Genomics Area

DNA and RNA sequencing has become an invaluable tool for fundamental and applied research in areas as diverse as cancer genetics, rare disorders, host-pathogen interactions, preservation of endangered species, evolutionary studies and the improvement of species of agricultural/ farm interest.

The Omicstech Genomics Area is formed by the Centro Nacional de Análisis Genómico (CNAG-CRG) sequencing platform and the Genomics and Transcriptomics facility of the Center for Omic Sciences (COS). The CNAG-CRG is one of the top European centres in terms of sequencing capacity and diversity of capabilities. It focuses its activities on 2nd and 3rd generation sequencing technologies and the corresponding analysis tools. The CNAG-CRG expertise is based on extensive experience in sample quality control, library construction methods, sequencing, lab automation, data banking and data analysis. The offering portfolio is in constant evolution and it includes state-of the art applications such as long read nanopore sequencing, single-cell RNA sequencing and ATAC-sequencing. Processes at the CNAG-CRG run under ISO 9001:2015 certification and ISO 17025:2005 accreditation. The services offered by the COS through its Genomics and Transcriptomics facility are focused on small genome sequencing and metagenomic studies.

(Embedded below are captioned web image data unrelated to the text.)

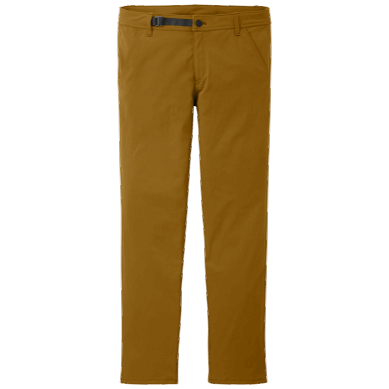 Outdoor UK Men's Balebreaker Pants Tapenade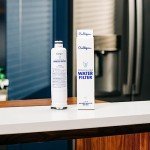Culligan CUSCIN Refrigerator Water Filter Replacement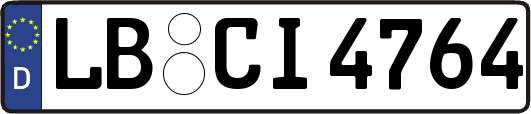 LB-CI4764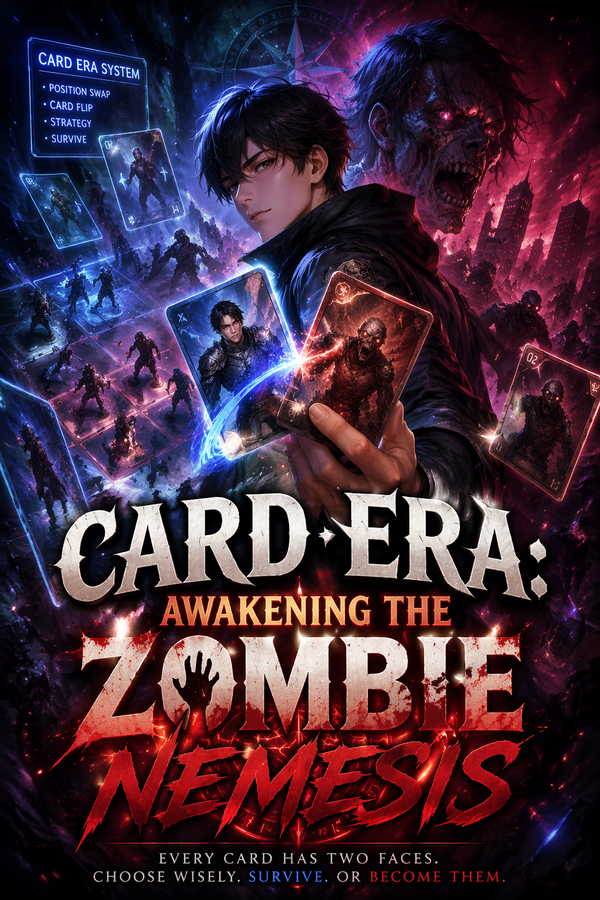Card Era: Awakening the Zombie Nemesis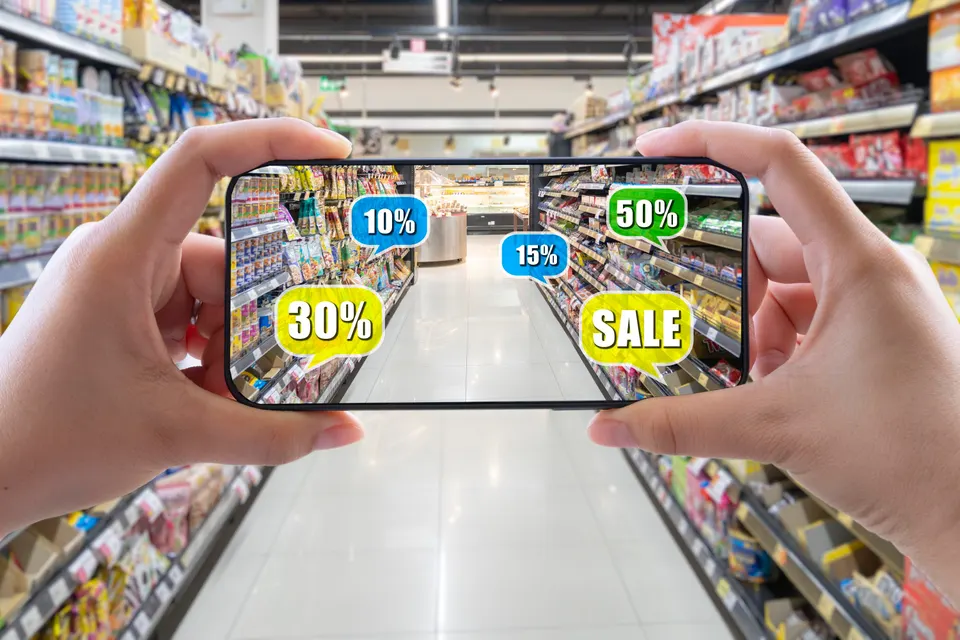 AI In AR Marketing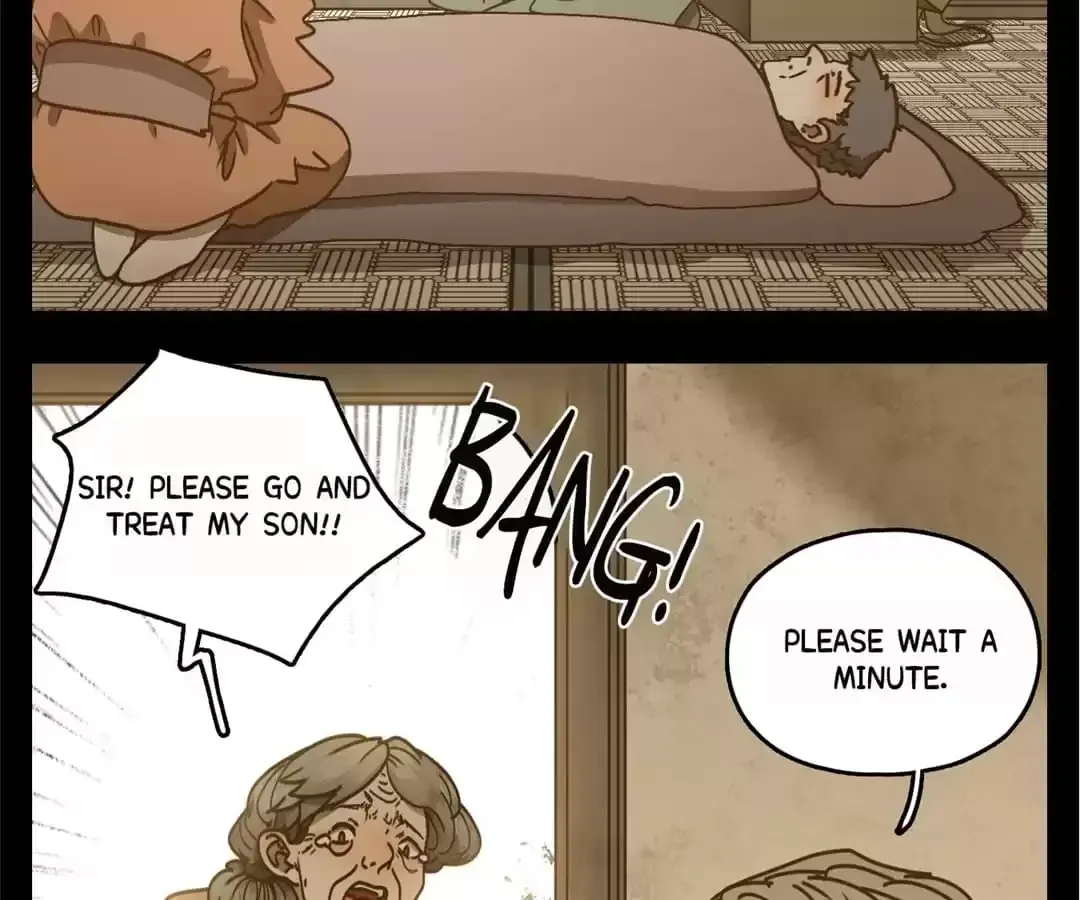 Read Monster Bar chapter 56 image 60 on Lezhin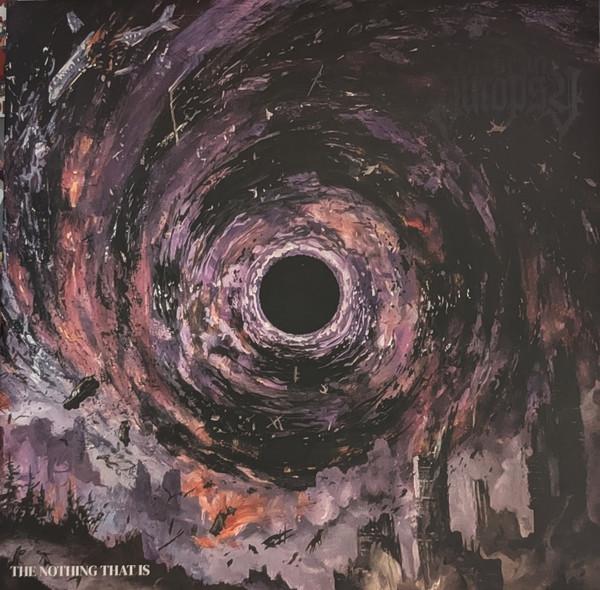 Fit For An Autopsy - The Nothing That Is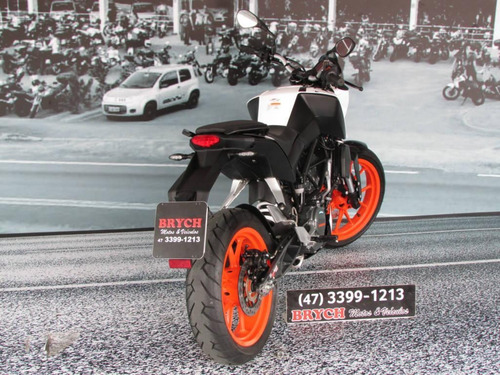Ktm Duke Abs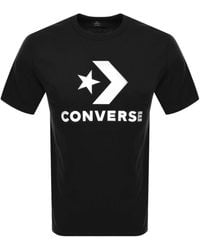 Converse T-shirts for Men - Up to 51 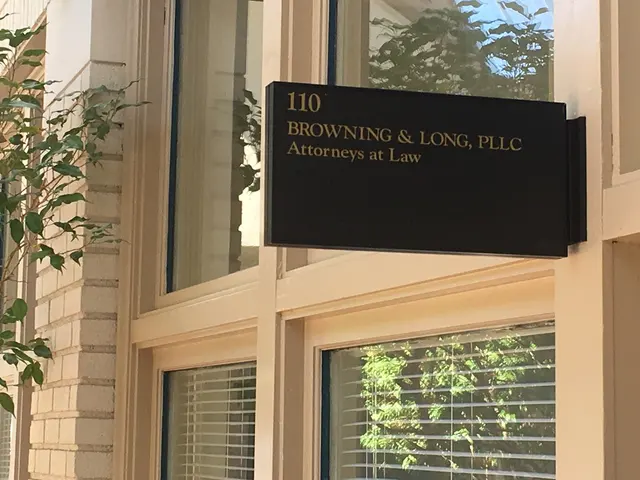 Browning & Long, PLLC — photo from the business 6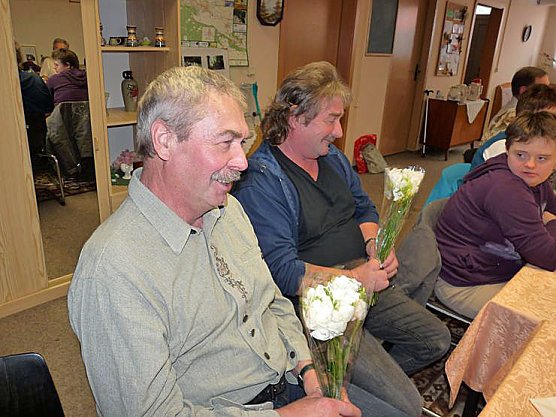 Vorstand gewählt (Foto: Karl-Heinz Herrmann) Vorstand gewählt (Foto: Karl-Heinz Herrmann)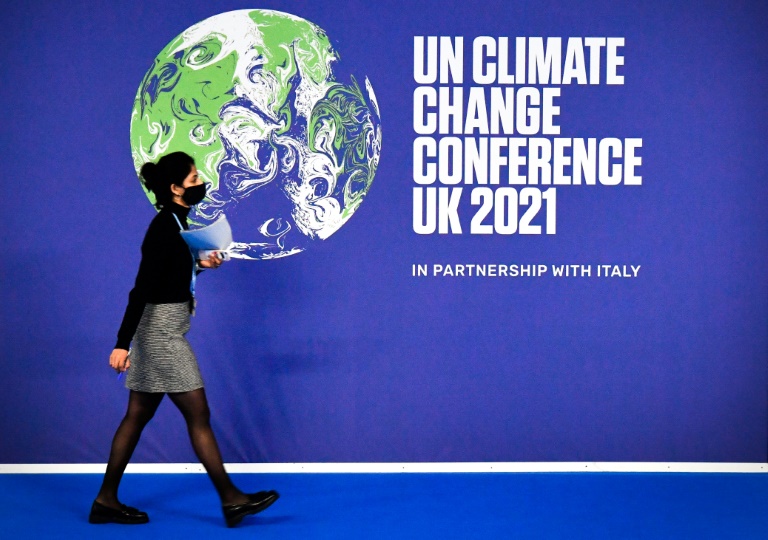 Kenyan organization among winners of African climate innovators at COP26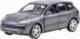 Jokomisiada Auto Porsche Cayenne S 1:32 metalowe autko ZA3750 2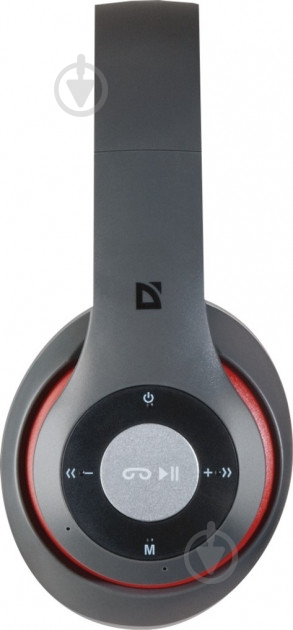 Наушники Defender FreeMotion B570 Bluetooth black - фото 3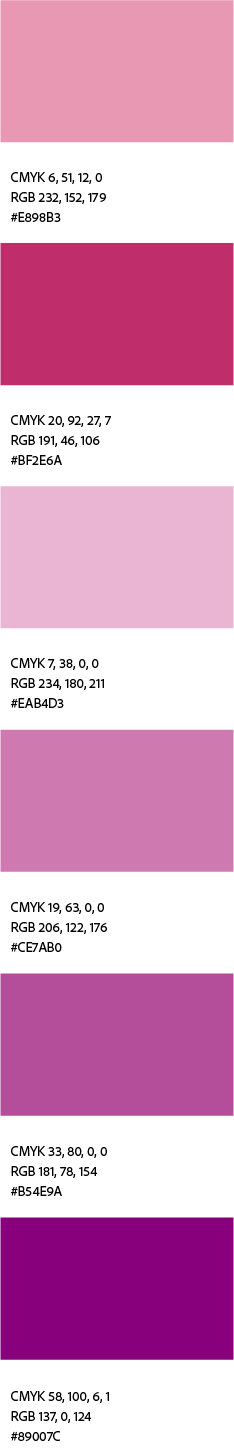 Palette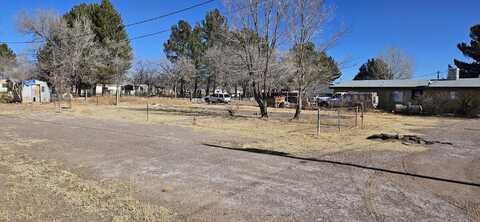 219 Tamarack Street, Socorro, NM 87801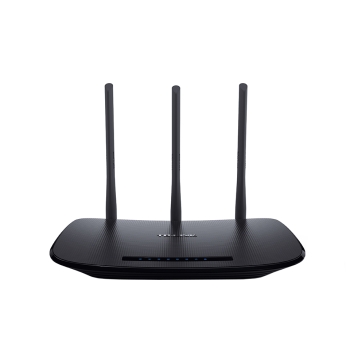 ROUTER TP-LINK TL-WR940N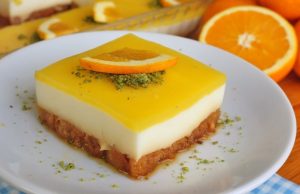 Karamelli Etimek Tatlısı 16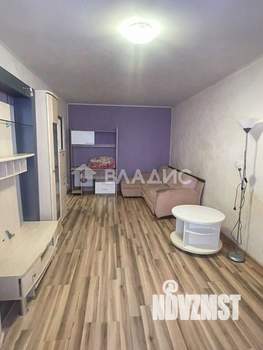 1-к квартира, вторичка, 37м2, 7/9 этаж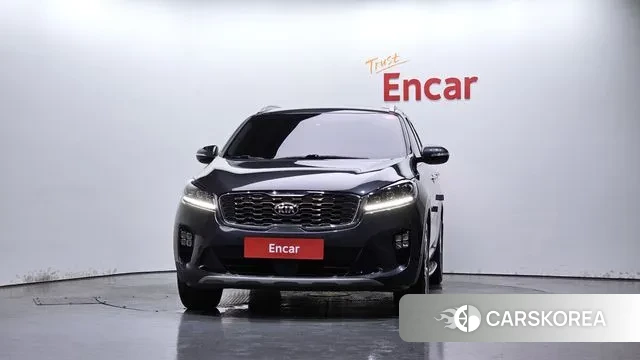 Kia The New Sorento id 2991012 из Кореи 13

The Genomics area of the OmicsTech can guide researchers at any project phase from the design of the experiments to the data analysis.

For further information and discussion of possible ways of collaboration with the CNAG-CRG or the COS facilities, please contact genomics@omicstech-icts.org

Applications

Whole genome sequencing with short reads (Illumina)

Whole genome sequencing (WG-Seq) is the process of determining the complete DNA sequence of an organism's genome at a single time. It delivers a base-by-base view of all genomic alterations, including single nucleotide variants (SNVs), small insertions and deletions (indels), copy number changes (CNVs), and structural variations (SVs).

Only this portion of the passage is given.